*** Information given ***
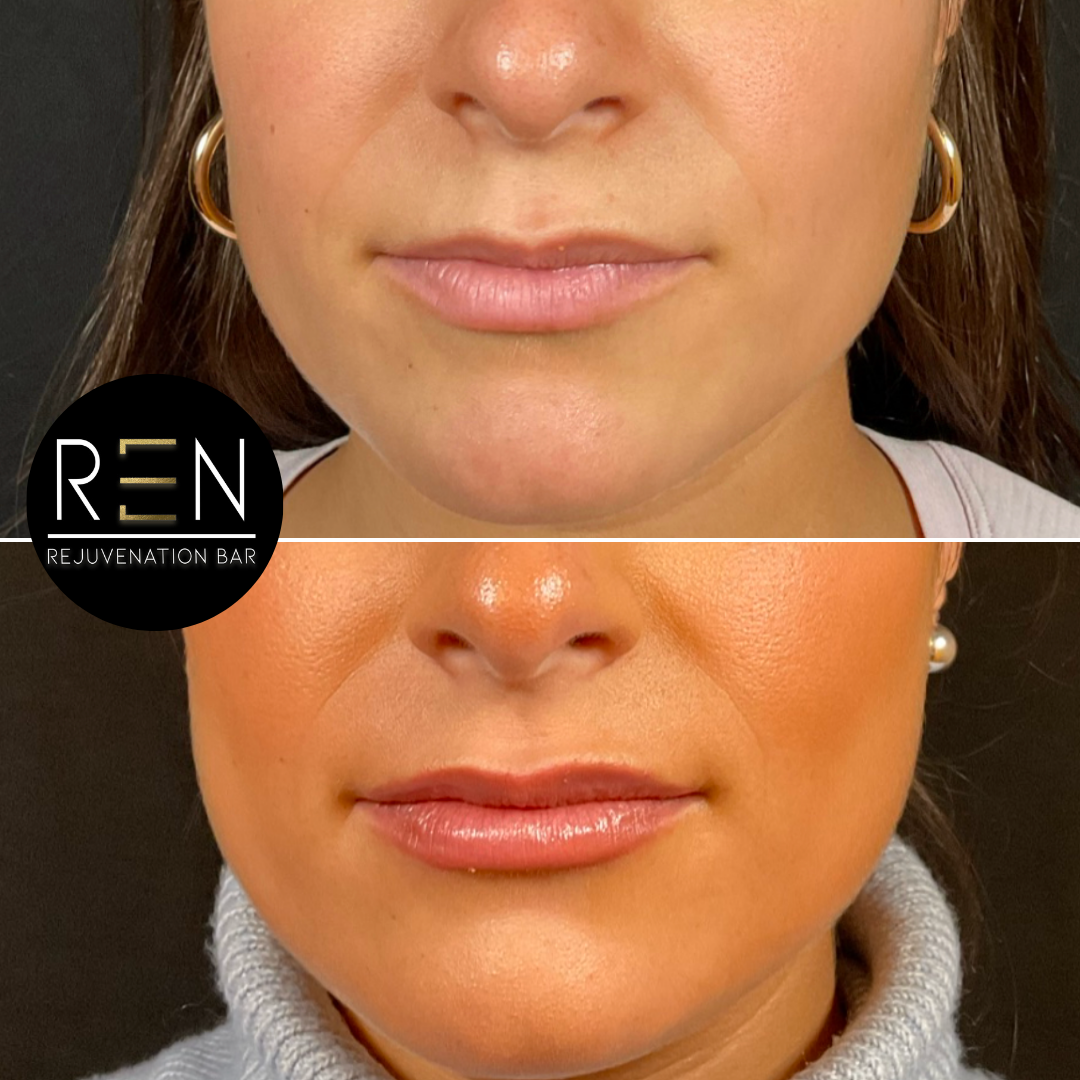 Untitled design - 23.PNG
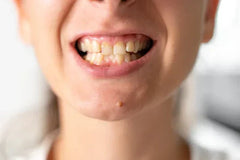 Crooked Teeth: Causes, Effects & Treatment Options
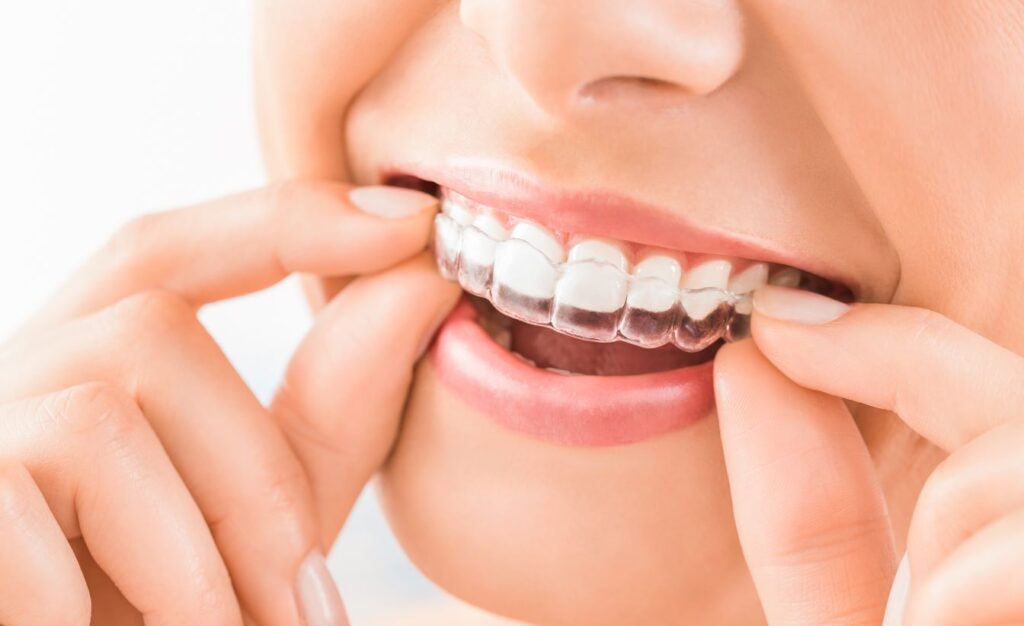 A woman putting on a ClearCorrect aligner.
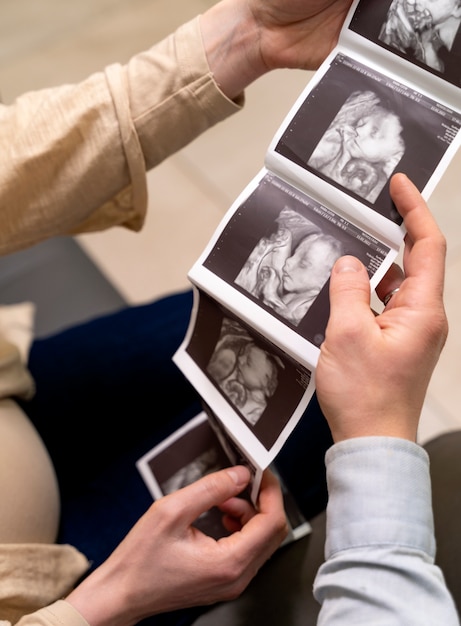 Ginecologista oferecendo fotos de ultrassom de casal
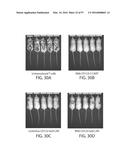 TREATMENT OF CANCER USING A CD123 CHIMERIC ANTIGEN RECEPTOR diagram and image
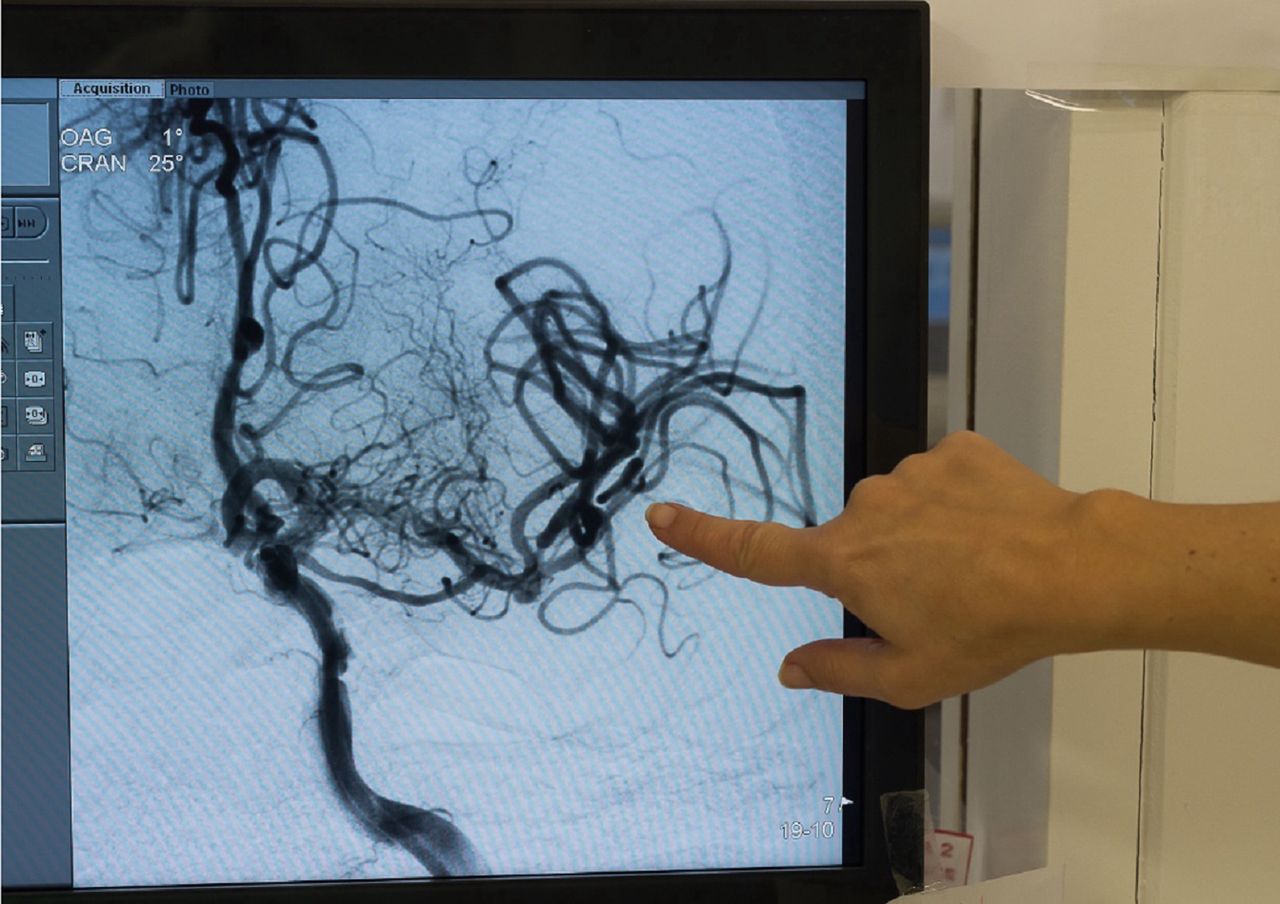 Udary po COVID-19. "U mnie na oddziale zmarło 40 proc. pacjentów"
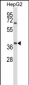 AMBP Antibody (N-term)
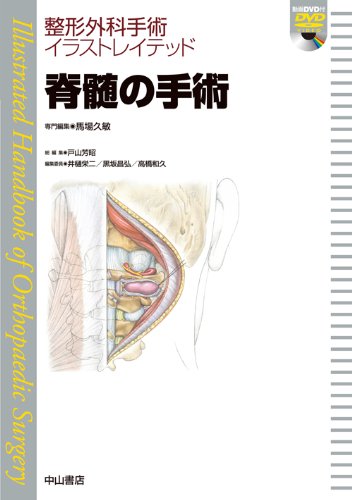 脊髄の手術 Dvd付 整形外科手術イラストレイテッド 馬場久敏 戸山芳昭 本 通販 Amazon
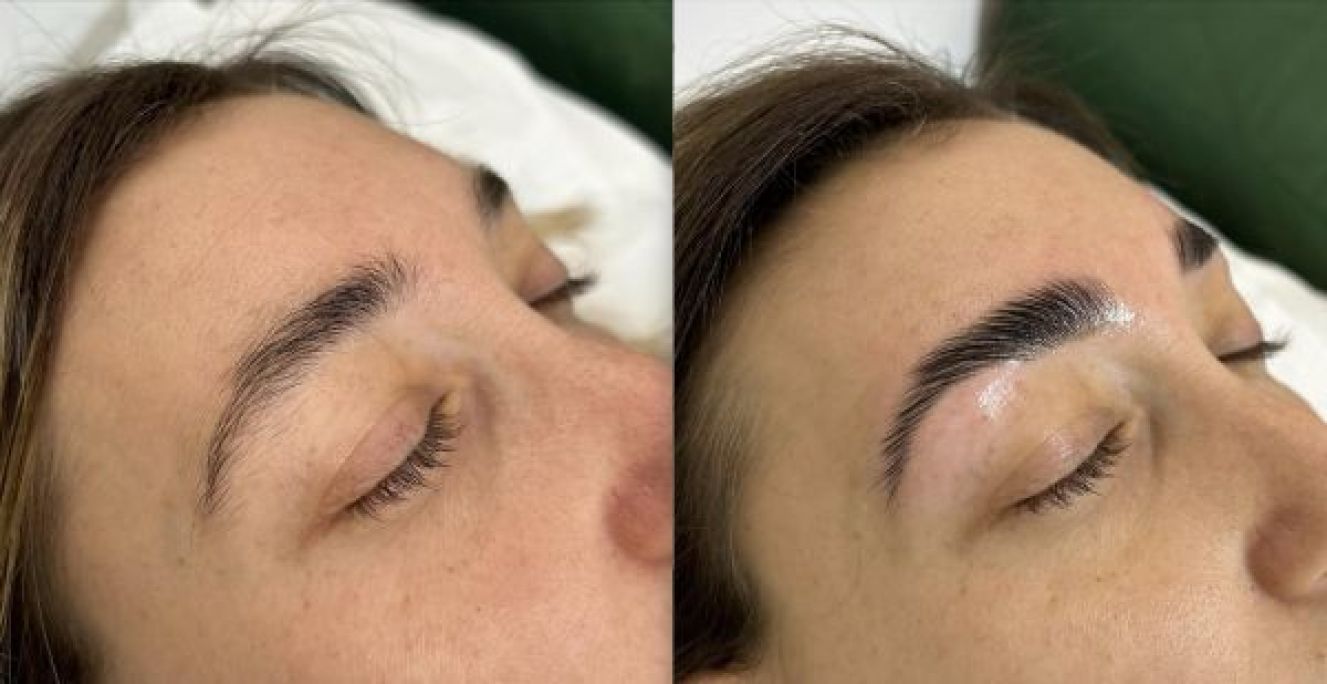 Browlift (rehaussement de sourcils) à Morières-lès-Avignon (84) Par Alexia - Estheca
*** End of Information given ***
§ Exercise brief: Retype the data word for word and keep the pictures out of it.

§ Reply:
 Untitled design - 23.PNG
 Crooked Teeth: Causes, Effects & Treatment Options
 A woman putting on a ClearCorrect aligner.
 Ginecologista oferecendo fotos de ultrassom de casal
 TREATMENT OF CANCER USING A CD123 CHIMERIC ANTIGEN RECEPTOR diagram and image
 Udary po COVID-19. "U mnie na oddziale zmarło 40 proc. pacjentów"
 AMBP Antibody (N-term)
 脊髄の手術 Dvd付 整形外科手術イラストレイテッド 馬場久敏 戸山芳昭 本 通販 Amazon
 Browlift (rehaussement de sourcils) à Morières-lès-Avignon (84) Par Alexia - Estheca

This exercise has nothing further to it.